Exercise goal:
Word for word, copy out the entries below, but not the pictures in them.

════════════════════

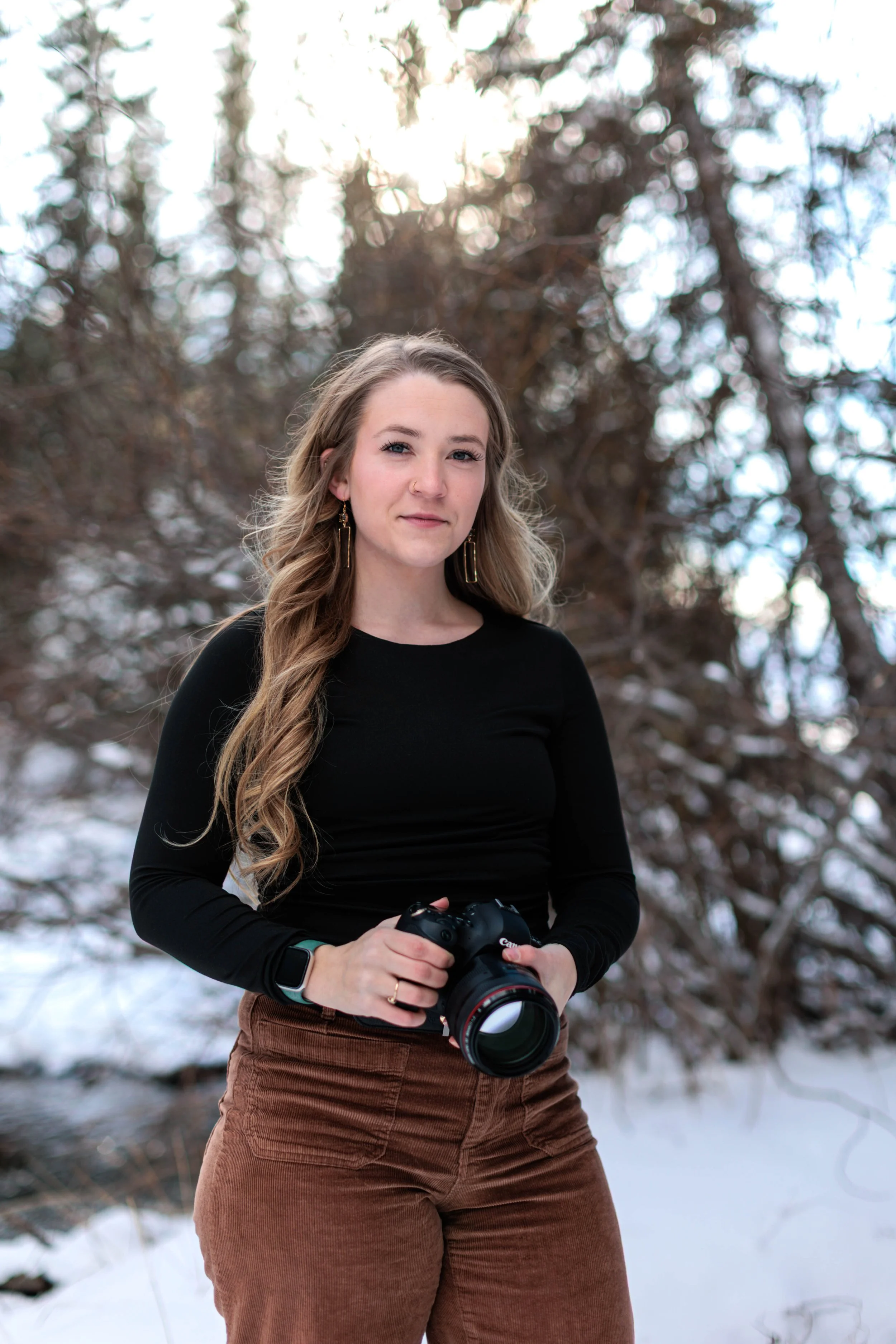A woman with long wavy hair holding a camera outdoors in a snowy, wooded area.
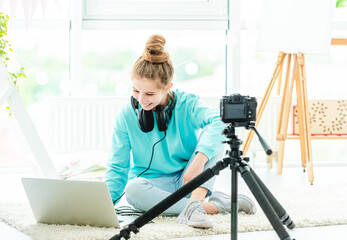 Wall Mural - Smiling girl using laptop and camera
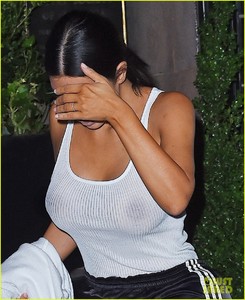 kim-kardashian-goes-braless-in-see-through-top-07.jpg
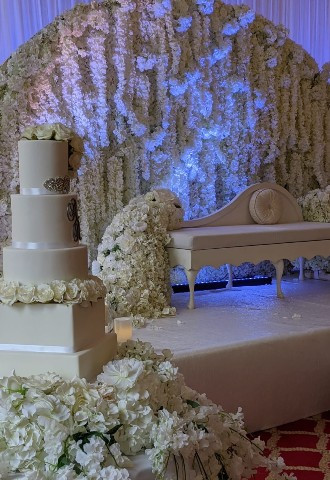 The Banqueting Hall set up with elegant floral decor and a flower wall at The Adelphi Hotel Liverpool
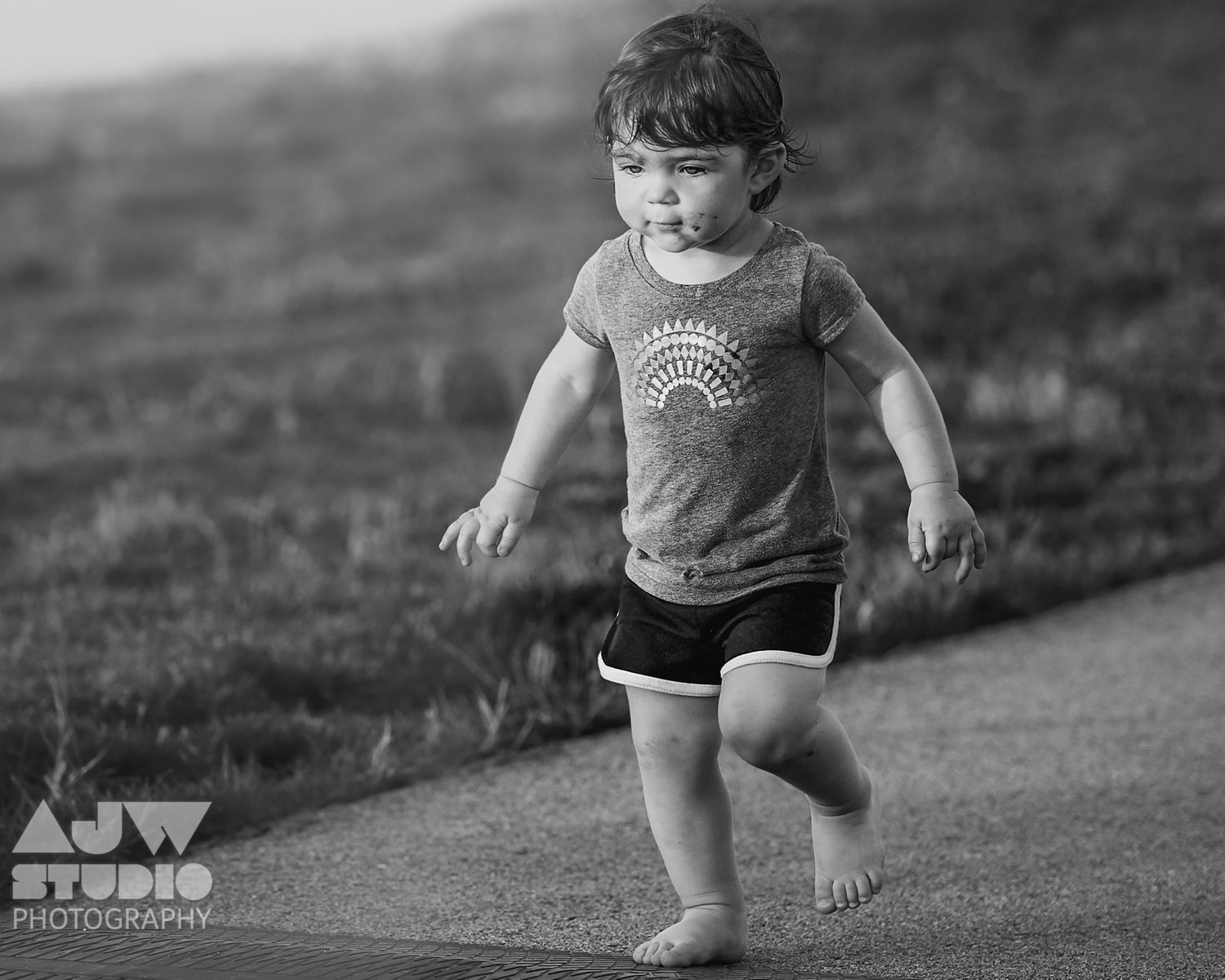 Black and white photo of small child running on outdoor path.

════════════════════

Output for this task:
A woman with long wavy hair holding a camera outdoors in a snowy, wooded area.
 Wall Mural - Smiling girl using laptop and camera
 kim-kardashian-goes-braless-in-see-through-top-07.jpg
 The Banqueting Hall set up with elegant floral decor and a flower wall at The Adelphi Hotel Liverpool
 Black and white photo of small child running on outdoor path.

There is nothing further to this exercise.